"-//W3C//DTD XHTML 1.0 Transitional//EN" "http://www.w3.org/TR/xhtml1/DTD/xhtml1-trans.dtd"> A Life Less Ordinary
A Life Less Ordinary A Life Less Ordinary
September 10, 2005
What is it in our youth that changes as we grow? At this same time last year I was hopelessly naive, guilty, and inconsiderate. Perhaps I still am in some ways, but I certainly feel some changes.

It's very odd; in some ways, since my mother and stepdad split up, I feel like I have no solid place to call home. I feel like I'm really and truly on my own. I have taken pains to get back into school on my own, I have three jobs now, I have taken care of the money I need for school.

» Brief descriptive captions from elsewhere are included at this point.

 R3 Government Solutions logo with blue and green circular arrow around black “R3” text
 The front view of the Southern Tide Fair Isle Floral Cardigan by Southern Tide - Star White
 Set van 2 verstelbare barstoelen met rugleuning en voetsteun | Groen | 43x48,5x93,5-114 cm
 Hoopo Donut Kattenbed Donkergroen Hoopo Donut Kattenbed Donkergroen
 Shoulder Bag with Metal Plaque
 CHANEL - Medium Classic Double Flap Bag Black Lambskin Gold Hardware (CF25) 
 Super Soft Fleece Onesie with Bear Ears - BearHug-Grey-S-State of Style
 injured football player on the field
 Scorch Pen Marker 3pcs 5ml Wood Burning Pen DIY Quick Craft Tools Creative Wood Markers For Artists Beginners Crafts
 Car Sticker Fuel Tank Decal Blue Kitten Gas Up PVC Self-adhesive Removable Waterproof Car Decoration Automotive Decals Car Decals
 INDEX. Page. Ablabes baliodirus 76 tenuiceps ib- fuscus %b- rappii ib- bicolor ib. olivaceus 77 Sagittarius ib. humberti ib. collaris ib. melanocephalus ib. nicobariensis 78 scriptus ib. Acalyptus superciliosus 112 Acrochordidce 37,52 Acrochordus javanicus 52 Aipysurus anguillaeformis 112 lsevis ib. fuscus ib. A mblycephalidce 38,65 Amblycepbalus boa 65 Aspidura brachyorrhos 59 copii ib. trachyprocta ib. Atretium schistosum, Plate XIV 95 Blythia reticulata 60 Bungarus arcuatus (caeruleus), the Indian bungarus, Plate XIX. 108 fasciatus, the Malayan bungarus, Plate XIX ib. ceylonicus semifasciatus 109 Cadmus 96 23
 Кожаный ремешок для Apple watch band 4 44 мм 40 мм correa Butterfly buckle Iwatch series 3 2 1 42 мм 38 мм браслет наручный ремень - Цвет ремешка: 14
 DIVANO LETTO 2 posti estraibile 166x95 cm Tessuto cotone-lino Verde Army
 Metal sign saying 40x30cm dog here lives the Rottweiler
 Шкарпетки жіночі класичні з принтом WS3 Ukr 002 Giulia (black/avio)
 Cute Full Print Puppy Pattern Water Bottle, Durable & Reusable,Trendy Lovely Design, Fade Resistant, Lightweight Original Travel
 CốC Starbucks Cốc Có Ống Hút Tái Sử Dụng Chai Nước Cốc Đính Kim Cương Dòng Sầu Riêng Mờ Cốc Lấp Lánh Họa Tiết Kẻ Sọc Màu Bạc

My mother is going her separate way in life, as is my brother and a majority of the members of my family. And my friends. Well, my friends are always a source of confusion, torment, happiness and joy mixed together. We seem to be growing up but not so much apart. This is a great contrast from high school to college because I lost many of the strong links I had with friends.

And Bradley, well I am hence confined to the idea that I shall be with him for an indeterminable amount of time. This makes me think when did this happen? This feeling of happiness and contentment through a mere few weeks? Is it possible? Feasible? I have no idea but I do know what I feel.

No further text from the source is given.